Continuously and at least on a yearly basis, the Compensation Committee will consider if a revision of the remuneration policy is needed to meet the objectives and purposes of the policy and to be aligned to the overall short-term and long-term goals of FLSmidth. All proposals for revisions will be presented to the Board of Directors for approval, according to the normal approval procedures for the Board of Directors. If a proposed revision of the remuneration policy is approved, the Board of Directors must ensure the revision is submitted to the shareholders for approval by the General Meeting.

As the remuneration of the Board of Directors is a fixed cash fee approved at the Annual General Meeting, and as the remuneration policy is approved separately by the General Meeting a conflict of interest is not considered likely.

3 Remuneration

3.1 The Board of Directors

Fixed fees

The remuneration of the Board of Directors is a fixed remuneration. The members of the Board of Directors do not participate in the incentive programmes at FLSmidth, and they are not remunerated in shares or similar non-cash instruments.

The Board of Directors shall receive an annual fixed fee in cash. The Board of Directors' fees are pre-approved at the Annual General Meeting for the year in question and receive final approval at the Annual General Meeting in the following year. Newly elected and resigning Board members shall

receive a proportionate fee for the year in question.

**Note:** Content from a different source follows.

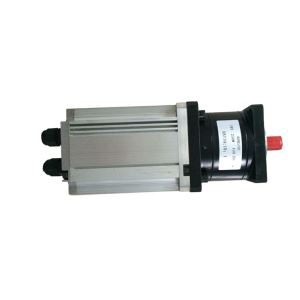 80 Fırçasız DC Planet Dişli Motor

The Company may also pay foreign social charges and similar charges assigned by foreign authorities in relation to the fees.

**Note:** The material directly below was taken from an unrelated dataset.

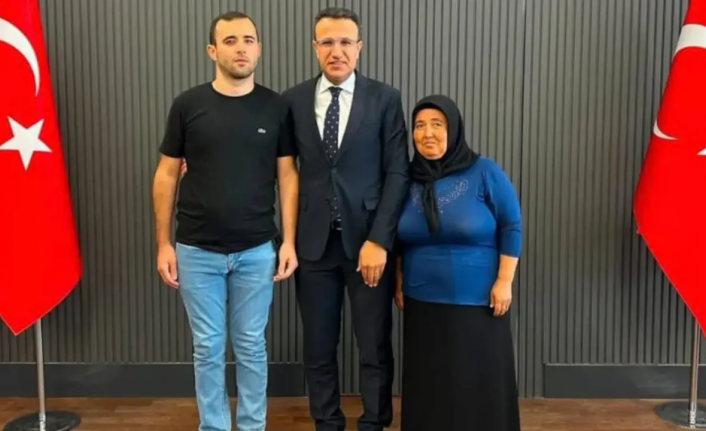 Azmiyle Örnek Oldu: Kırıkhanlı Gençten Türkiye Çapında Başarı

Based on the decision at the Annual General Meeting, the fixed annual fees for the chair and the vice-chair shall be higher than the fixed annual fee for ordinary members of the Board of Directors. Currently, the chair receives three times the annual fixed fee and the vice-chair receives two times the annual fixed fee.

Similarly, and based on the Annual General Meeting decision, additional fixed fees for serving on Board committees shall be applied. Such fees are differentiated so the chair of a Board committee receives a higher fee than ordinary committee members. The chair and the vice-chair of the Board of Directors shall not receive extra fees for serving on Board committees.

If approved at the Annual General Meeting, the final approved fees may take into account factors such as unexpected workload and special adhoc assignments and increase the preliminary approved fees for all or some members of the Board of Directors.

Benefits

In terms of benefits, the Company may pay for a news subscription for any member of the Board of Directors based on the chair's approval.

Expenses

The Company pays the Board of Directors' costs for travel, hotels and meals relating to Board meetings, either through the Company's direct payment of these expenses or through subsequent expense reimbursement.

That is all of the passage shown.